JawaPos.com - Wakil Menteri Komunikasi dan Digital (Wamenkomdigi) Nezar Patria menilai Indonesia perlu menjadikan diplomasi chip serta pengelolaan mineral kritis sebagai strategi utama dalam menghadapi persaingan global di bidang kecerdasan artifisial (Artificial Intelligence/AI).
Langkah tersebut dinilai penting agar Indonesia tidak hanya berperan sebagai pengguna teknologi, tetapi juga mampu memperoleh manfaat strategis berupa akses terhadap kapasitas komputasi, alih teknologi, hingga kerja sama manufaktur untuk memperkuat industri nasional.
"Indonesia perlu menggunakan mineral kritis untuk menegosiasikan akses yang lebih baik ke komputasi, transfer teknologi, dan kemitraan manufaktur," tegas Wamen Nezar saat berbicara dalam Jakarta Geopolitical Forum di Jakarta Selatan, dikutip Jumat (10/7).
Nezar menjelaskan, Indonesia memiliki posisi yang menguntungkan karena menguasai sejumlah komoditas mineral kritis yang menjadi kebutuhan utama dalam pengembangan berbagai teknologi modern, termasuk industri AI.
Baca Juga: 83 Persen Fintech Indonesia Sudah Gunakan AI, Talenta Data dan Analitik Masih Sulit Dicari
Dia menjelaskan bahwa Indonesia memiliki cadangan nikel terbesar di dunia, yang memberi kami posisi yang kuat dalam rantai pasokan baterai global.
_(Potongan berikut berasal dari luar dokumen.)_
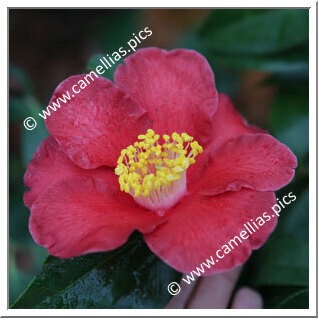 Camellia Japonica 'Moisa'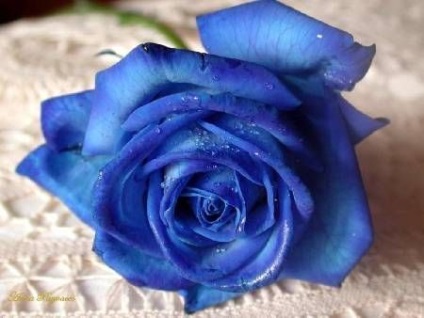 Mindent a növények és virágok, hogyan növekszik a kék rózsa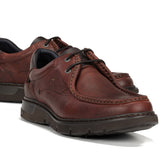 9595 GRASS LIBANO+COM.2-6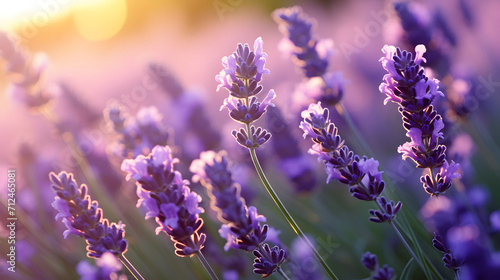 Lavender Field at Sunset Soft Focus Floral Background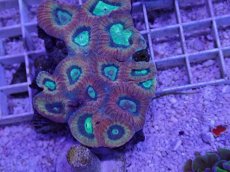 画像2: No.38 オーストラリア産 キクメイシsp (2)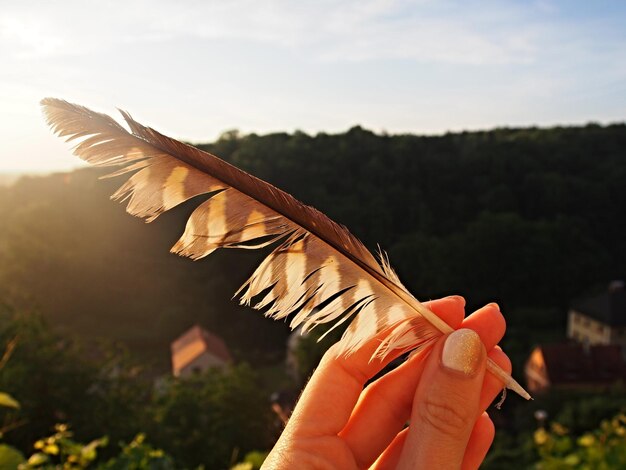 Foto close-up di un uccello in mano che vola contro il cielo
Bahkan, tanah air adalah produsen kobalt terbesar kedua di dunia, material kunci untuk baterai berkinerja tinggi dan semikonduktor canggih.
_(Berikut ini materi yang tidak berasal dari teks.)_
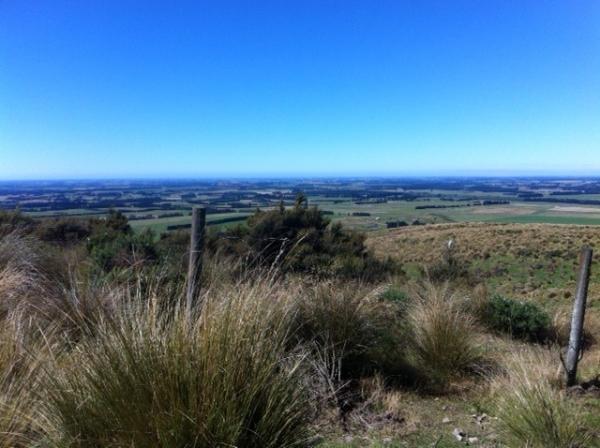 Views of the Canterbury Plains on the way down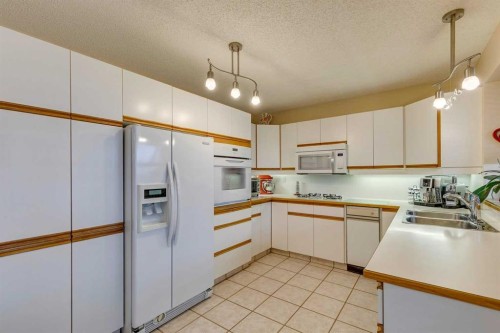 8 Douglas Woods View Se, Calgary, AB - Indoor Photo Showing Kitchen With Double Sink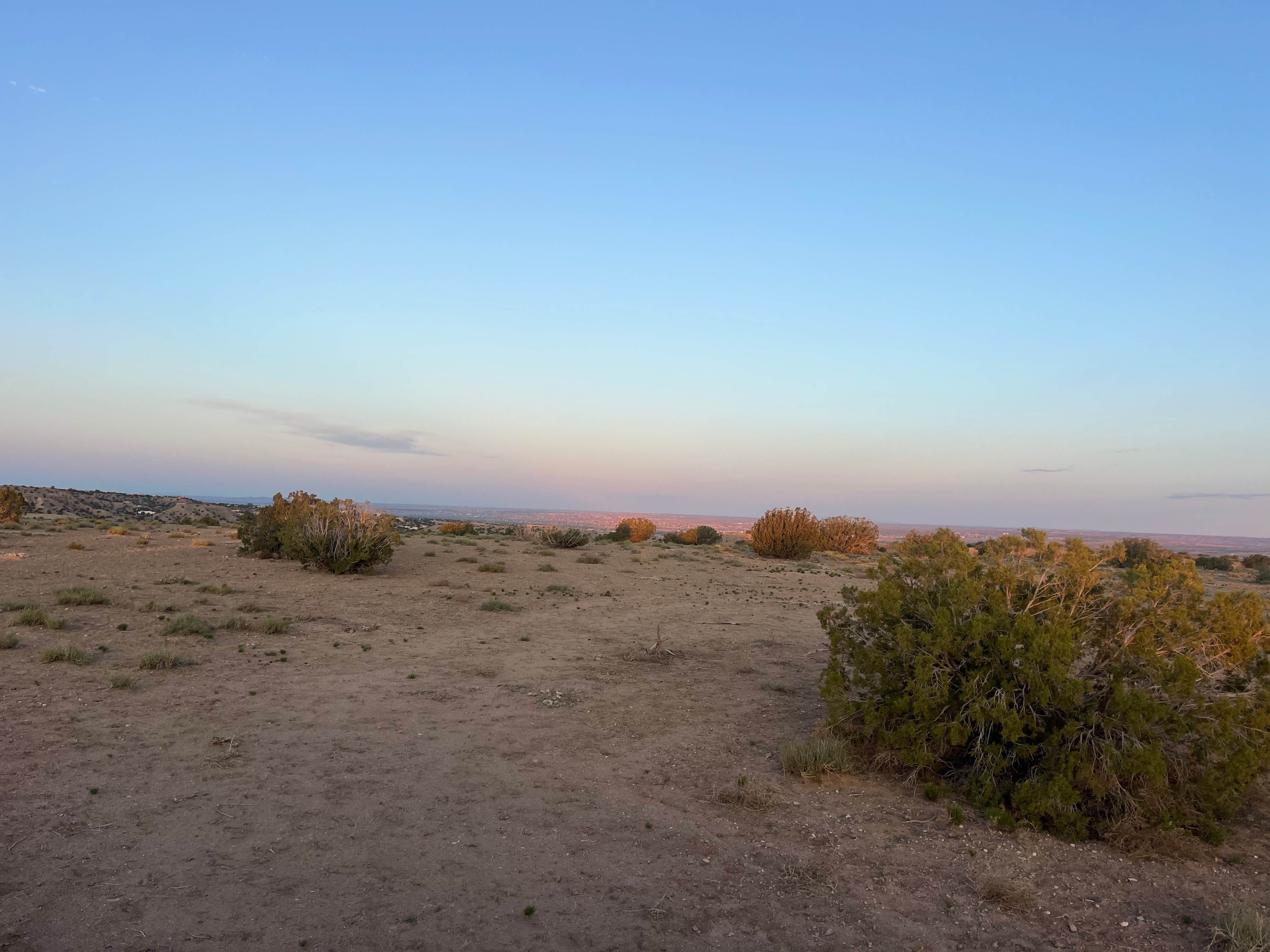 Camper-submitted photo at Top of New Mexico - Dispersed Site in New Mexico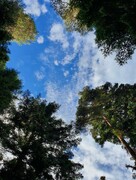 2022 09 september 299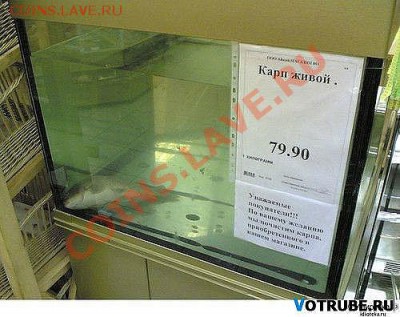 Приколы из магазина и жизни. - getImage (9)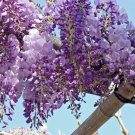 NATIVE TEA SEEDS WISTERIA/ SASPARILLA - HARDENBERGIA COMPTONIA - Garden Tree Plant - 10 Seeds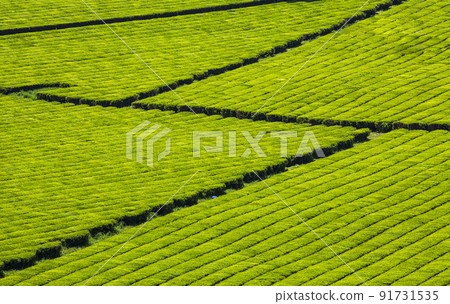 Boseong Daehan Tea Garden green tea field in the clear air of the mountain valley 91731535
“Selain itu, kami adalah eksportir bijih tembaga terbesar ketiga, mineral penting untuk sistem pengkabelan dan pendinginan pusat data yang menampung infrastruktur AI. Kekayaan mineral ini merupakan keunggulan strategis kami. Hal ini memungkinkan kami untuk melampaui sekadar menjadi konsumen teknologi dan menjadi pemain kunci dalam ekosistem AI global," jelas Wamen Nezar.
Di tengah meningkatnya persaingan teknologi antara Amerika Serikat dan Tiongkok, Nezar menegaskan Indonesia perlu membangun strategi sendiri melalui pendekatan diplomasi digital yang berorientasi pada kepentingan nasional.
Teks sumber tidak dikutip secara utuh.